This is the third of a three part guest post series. In this post, we take a look at a proposed personnel model for O1-O4 Cryptologic Warfare Officers.

      We previously discussed the conflict between a specialist and generalist, ending with the idea of a “Generalizing Specialist” or “T” shaped employee who is able to maintain a depth of expertise in a specific field while developing breadth of general knowledge to collaborate across other disciplines. ( 1) We also discussed the call from the Cryptologic Community Foundational Principles for Cryptologic Warfare Officers to develop “deep, specialized expertise across our core skills.” (2) I offer that a U.S. Navy Cryptologic Warfare Officer should not merely follow the T shape model we previously discussed, but rather evolve further into what I call a Pi ( ) shaped Officer. A graphical representation is included below.

Figure 1: T and Pi Shaped Employee/Officer

This Pi-shaped Officer model builds on the concept of the T shaped employee, but with two vertical legs of specialization, one in a core competency and the other in leadership, while maintaining the horizontal line of breadth of expertise across the other core competencies as well as the various Navy platforms and domains. It would be easy to suggest that all Officers should be leaders, so this second leg is irrelevant.

However, from my experience, unless an expectation or requirement is clearly articulated, it will not be fully met. The final result is a team of these Pi shaped officers, which will allow, as Buxton stated earlier, “their cross bars (horizontal) overlap due to their common language and breadth, while their combined pillars (vertical) span numerous areas of expertise, covering the domain of any problem you are addressing.” (3) Using this construct, Junior Officers will grow into senior Pi-shaped Officers, ready to face all the problems in the converged warfighting domains of the Electromagnetic Spectrum (EMS) and Cyberspace.

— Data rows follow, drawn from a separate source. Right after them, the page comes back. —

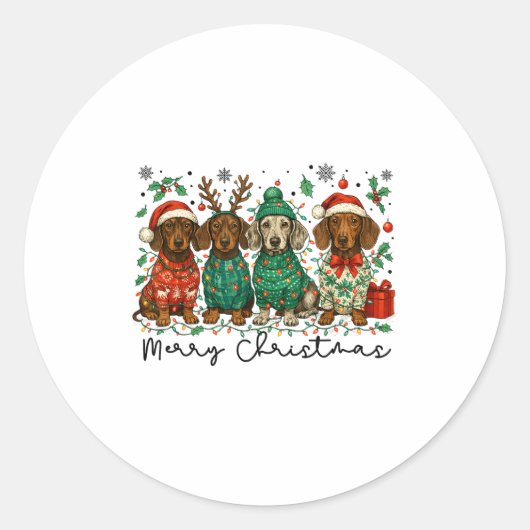 Merry Christmas Dachshund Dog Retro Xmas Puppy Men Runder Aufkleber (Vorderseite)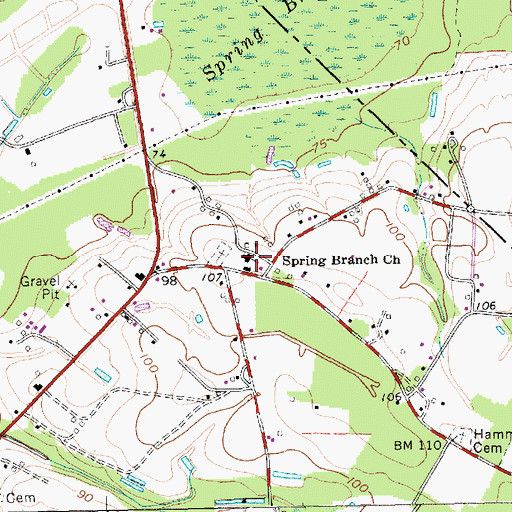 Topographic Map of Spring Branch Church, SC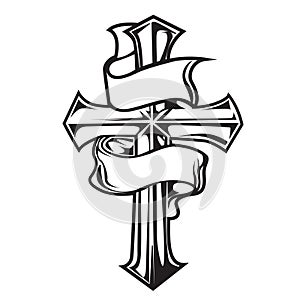 christian cross Wing vector drawing Blak illustration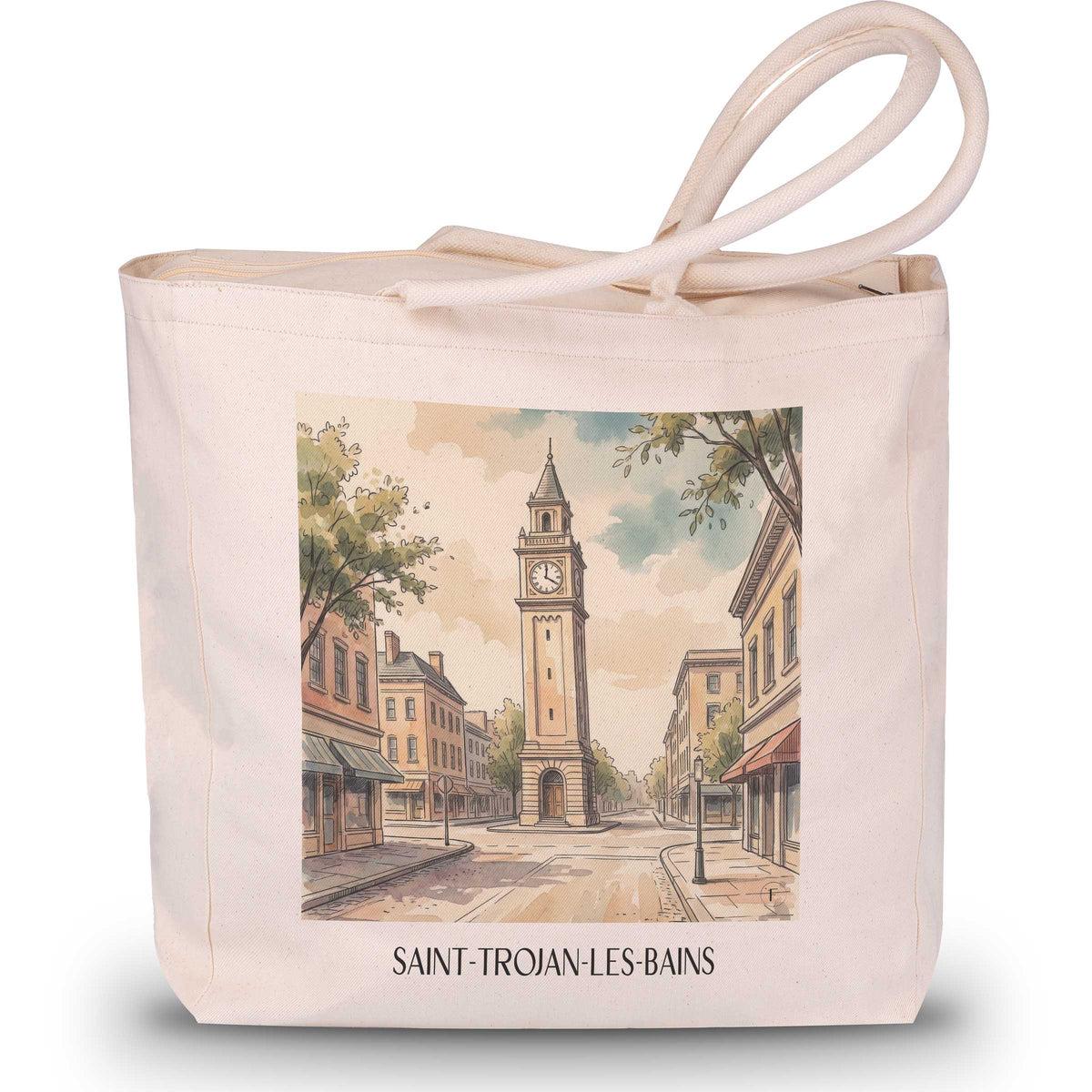 saint-trojan-les-bains-île-d'oléron-frankreich-einkaufstasche-aquarell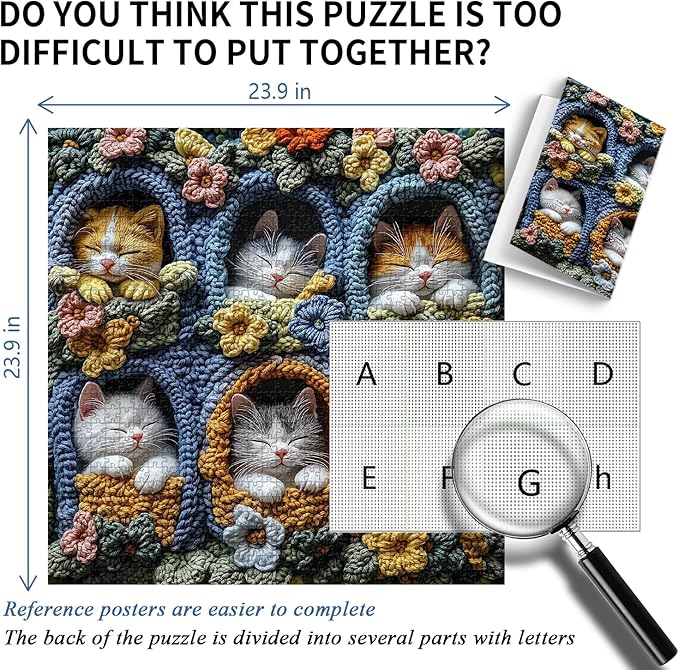 Cat Puzzles for Adults 1000 Pieces, PICKFORU Cute Kitten Puzzle Wildflowers Embroidery, Difficult Animal Flower Art Theme as Wall Decor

The Cryptologic Warfare Officer community is unique, and fortunate, that it is able to hand-select the Officers that are gained or hired annually. Applicants are screened and Officer Candidates are selected based on a proven specialty from academic and/or previous job experience in a technical Science Technology Engineering and Math (STEM) field. As such, they join the community from day one, already with a short vertical leg of specialization. While this specialization is normally not in a specific field of CSO, EW, or SIGINT, it is a STEM specialization that is foundational to one of those core competencies.

Figure 2: Cryptologic Warfare Officer at Accession (ENS/O1)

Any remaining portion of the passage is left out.